Option 2: Command Line Arguments (for the last 2 scripts)

python scripts/evaluation/run_contact_keyframe.py \
    --checkpoint_dir /path/to/your/checkpoint \
    --model_name model000070000.pt \
    --data_dir /path/to/your/data \
    --num_val_samples 256

python scripts/evaluation/run_two_stage.py \
    --checkpoint_dir /path/to/your/checkpoint \
    --model_name model000070000.pt \
    --data_dir /path/to/your/data \
    --num_val_samples 256

Autoregressive

All training and evaluation commands below should be run from the autoregressive/ directory:

cd autoregressive

Dependencies

Run the script to download dependencies materials:

bash prepare/download_glove.sh

Training

1. Train Tokenizer

bash scripts/train/train_tokenizer.sh

If you don't want to use wavelet transformation, simply delete --use_patcher, --patch_size and --patch_method arguments.

Codebook size is controlled by --nb-code.

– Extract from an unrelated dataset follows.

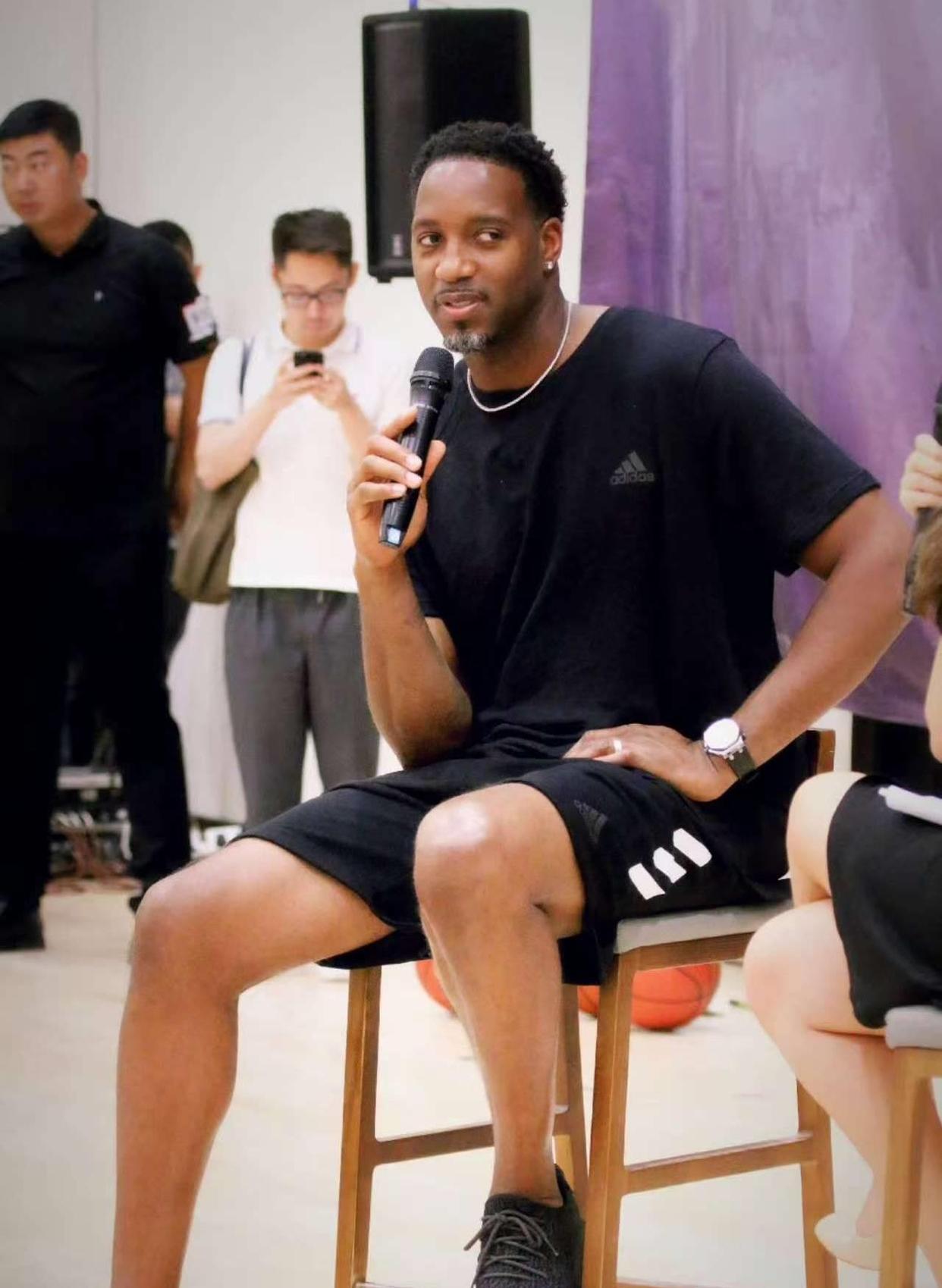 利兹联主帅：战胜蓝军让球队重获信心，利物浦能拿到欧冠席位（利兹联主帅：击败蓝军重振士气，利物浦有望锁定欧冠名额）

Modify it in train_tokenizer.sh:

--nb-code 4096    # default, can be changed to 1024, 8192, 65536, etc.

2. Train Text-to-Motion Model

First, run the following command to inference all of the motion codes by the trained tokenizer. Change the --resume-pth argument to the path of your tokenizer checkpoint.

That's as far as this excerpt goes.